### [WHAT YOU HAVE TO DO]
Pick every line out of the entries below that holds the string "Used", and report them.

### [DATA PROVIDED]
== == ==
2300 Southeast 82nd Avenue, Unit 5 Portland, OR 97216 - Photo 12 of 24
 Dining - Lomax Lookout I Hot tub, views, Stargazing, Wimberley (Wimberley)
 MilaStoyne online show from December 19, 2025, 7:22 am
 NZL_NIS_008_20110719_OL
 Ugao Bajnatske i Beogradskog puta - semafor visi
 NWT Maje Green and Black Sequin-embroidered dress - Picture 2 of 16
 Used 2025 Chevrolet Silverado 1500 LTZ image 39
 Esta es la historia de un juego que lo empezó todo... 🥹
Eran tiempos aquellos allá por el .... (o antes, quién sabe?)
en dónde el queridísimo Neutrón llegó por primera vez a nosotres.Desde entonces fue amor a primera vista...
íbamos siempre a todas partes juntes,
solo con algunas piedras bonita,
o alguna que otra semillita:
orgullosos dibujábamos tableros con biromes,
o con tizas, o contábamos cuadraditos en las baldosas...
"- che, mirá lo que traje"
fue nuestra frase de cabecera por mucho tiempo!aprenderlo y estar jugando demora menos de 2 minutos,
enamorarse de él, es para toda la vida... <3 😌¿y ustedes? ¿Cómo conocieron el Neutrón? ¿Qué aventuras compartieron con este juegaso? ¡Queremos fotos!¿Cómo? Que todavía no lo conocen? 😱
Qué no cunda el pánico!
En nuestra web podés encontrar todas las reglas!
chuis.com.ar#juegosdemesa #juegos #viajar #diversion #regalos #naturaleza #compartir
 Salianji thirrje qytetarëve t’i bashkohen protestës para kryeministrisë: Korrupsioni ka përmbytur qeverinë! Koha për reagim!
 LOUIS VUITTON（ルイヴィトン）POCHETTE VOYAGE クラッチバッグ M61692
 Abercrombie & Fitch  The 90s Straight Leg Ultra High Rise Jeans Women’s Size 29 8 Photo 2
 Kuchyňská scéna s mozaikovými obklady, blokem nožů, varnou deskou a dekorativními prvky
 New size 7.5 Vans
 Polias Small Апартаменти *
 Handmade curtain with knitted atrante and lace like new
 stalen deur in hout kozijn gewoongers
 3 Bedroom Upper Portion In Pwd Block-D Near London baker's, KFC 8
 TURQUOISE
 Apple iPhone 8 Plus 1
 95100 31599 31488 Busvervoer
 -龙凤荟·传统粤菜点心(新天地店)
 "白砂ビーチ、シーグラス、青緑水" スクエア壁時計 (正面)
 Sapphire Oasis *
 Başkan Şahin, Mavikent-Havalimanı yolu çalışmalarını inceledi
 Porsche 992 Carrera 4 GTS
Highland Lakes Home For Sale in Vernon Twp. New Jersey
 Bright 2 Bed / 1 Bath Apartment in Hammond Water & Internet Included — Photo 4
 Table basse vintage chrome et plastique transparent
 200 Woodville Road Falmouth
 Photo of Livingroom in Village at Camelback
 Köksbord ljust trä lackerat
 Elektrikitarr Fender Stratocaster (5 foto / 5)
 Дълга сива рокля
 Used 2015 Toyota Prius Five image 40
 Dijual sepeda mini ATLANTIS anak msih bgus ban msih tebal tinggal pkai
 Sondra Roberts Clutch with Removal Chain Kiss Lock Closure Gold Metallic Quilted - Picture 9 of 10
== == ==
### [SOLUTION]
 Used 2025 Chevrolet Silverado 1500 LTZ image 39
 Used 2015 Toyota Prius Five image 40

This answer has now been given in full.